Ich, der Rezensent, war einer der „many other people“ und ich erinnere mich lebhaft und gern an den Moment, als ich die LP von Eugen Dombois (damals noch Eugen M. Dombois und vorher Eugen Müller-Dombois) hörte! Sensationell! Ich war überzeugt, dass ich mich in diese Richtung orientieren wollte oder gar musste: Barocklaute und insbesondere Silvius Leopold Weiss.

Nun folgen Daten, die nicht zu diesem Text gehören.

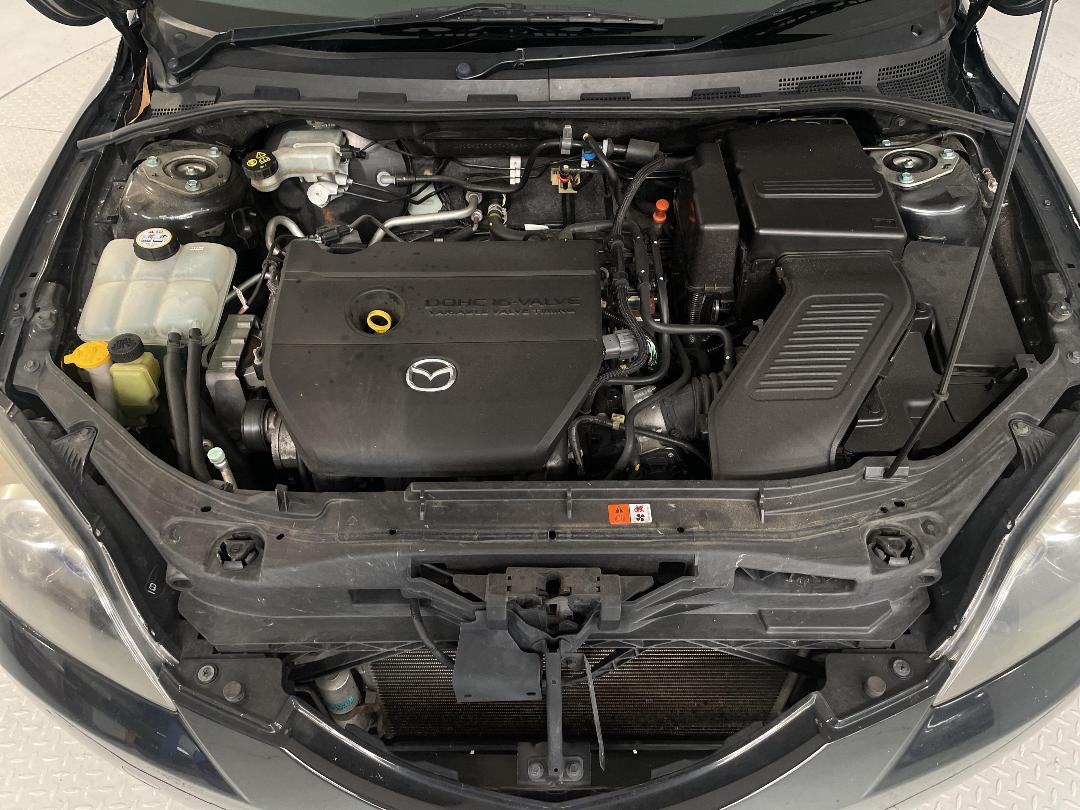 Photo '13' of Mazda Mazda3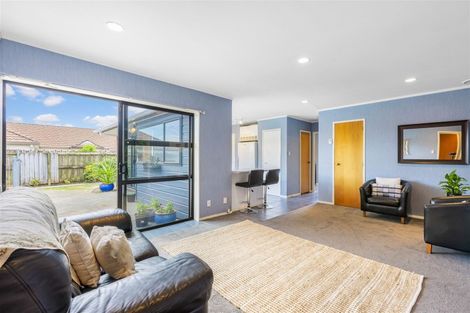 Photo of property in 13 Seneca Court, Golflands, Auckland, 2013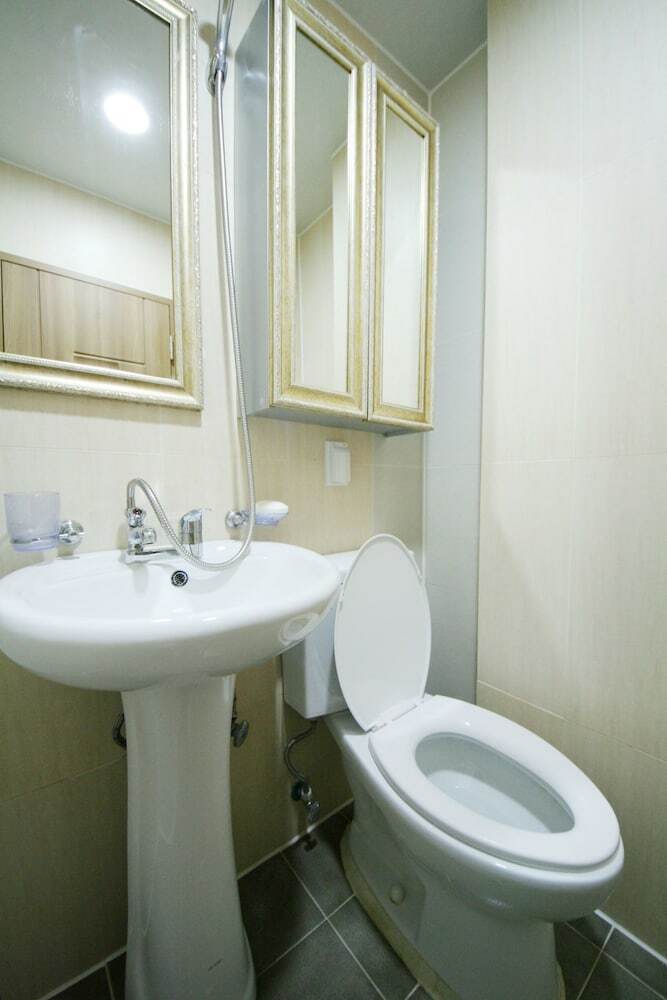 Hotel Guest House Myeongdong 2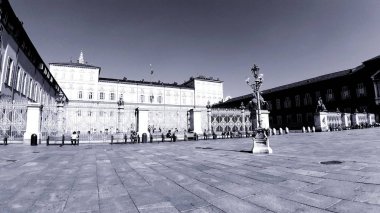 Torino, İtalya - 10 / 24 / 2019: Güzel güneşli bir günde Torin şehrinin inanılmaz bir başlığı. Şehrin merkezindeki eski binaların İtalya 'daki krallık döneminden kalma detaylı fotoğrafları..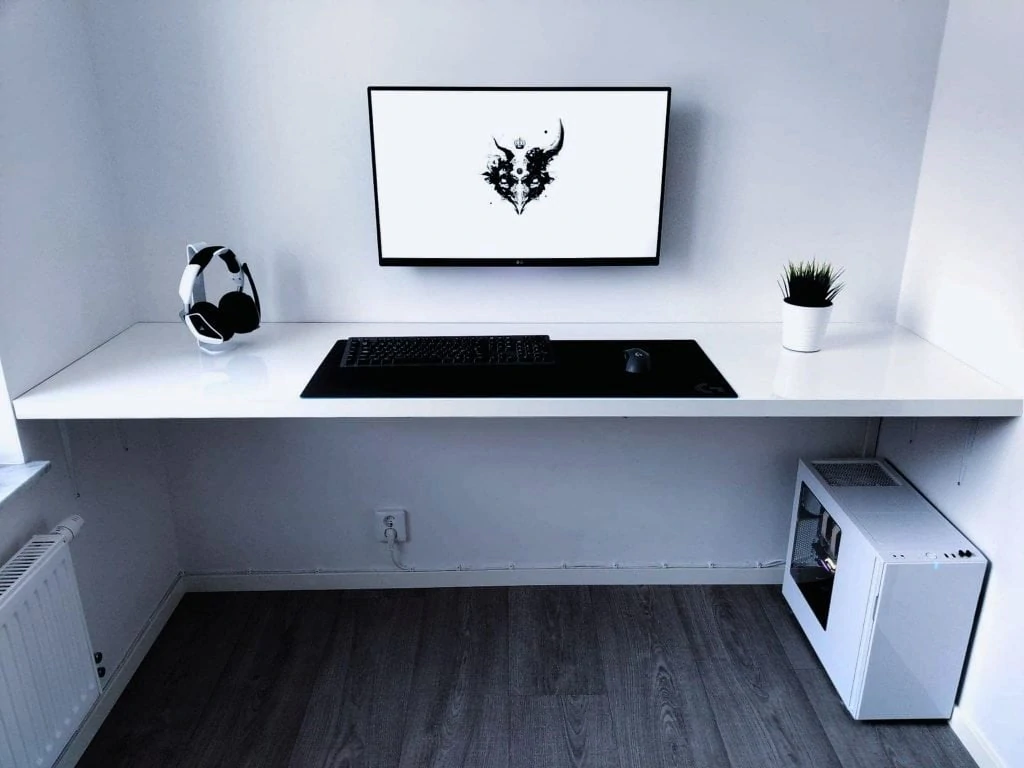 A minimalistic setup with no cables in sight.
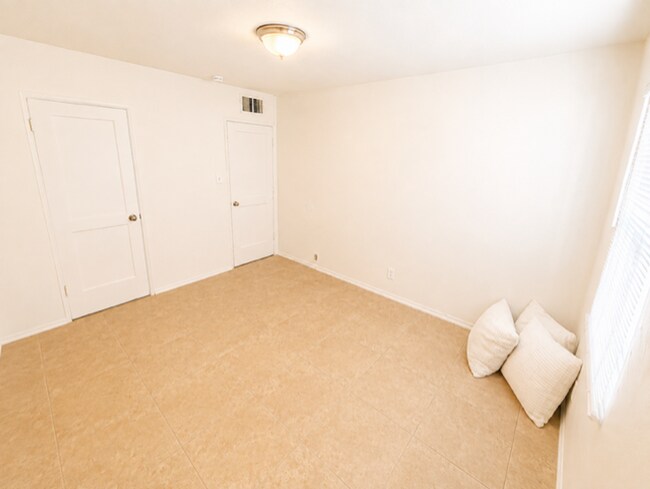 Building Photo - 1505 N 15th Ave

Die Laute, die Dombois damals spielte, stammte von Nico van der Waals, und er, van der Waals, sollte noch lange einer der meistgenannten Instrumentenmacher sein, wenn es um Barocklauten ging. Aber das Spiel der Barocklaute in d-Moll-Stimmung blieb noch ziemlich lange terra incognita … während die Laute in Quart-Stimmung gleichzeitig ihre zweite Renaissance erlebte – Walter Gerwig spielte dabei eine Rolle, natürlich Julian Bream, Robert Spencer und Konrad Ragossnig.

Aber erst die nächste Musikergenration konnte die Früchte von den Bäumen ernten, die die Pioniere gepflanzt hatten. Eugen Dombois, Michael Schäffer und Jürgen Hübscher waren Schüler von Gerwig; Hopkinson Smith und Paul O’Dette von Dombois; Konrad Junghänel und Tadashi Sasaki von Michael Schäffer usw. usw. Der Lautenisten-Stammbaum ließe sich lange fortführen. Julian Bream und Bob Spencer haben eher als Inspiratoren auf die nächste Generation gewirkt. Unterrichtet haben sie nicht, dennoch konnten sie Begeisterung für die Laute generieren.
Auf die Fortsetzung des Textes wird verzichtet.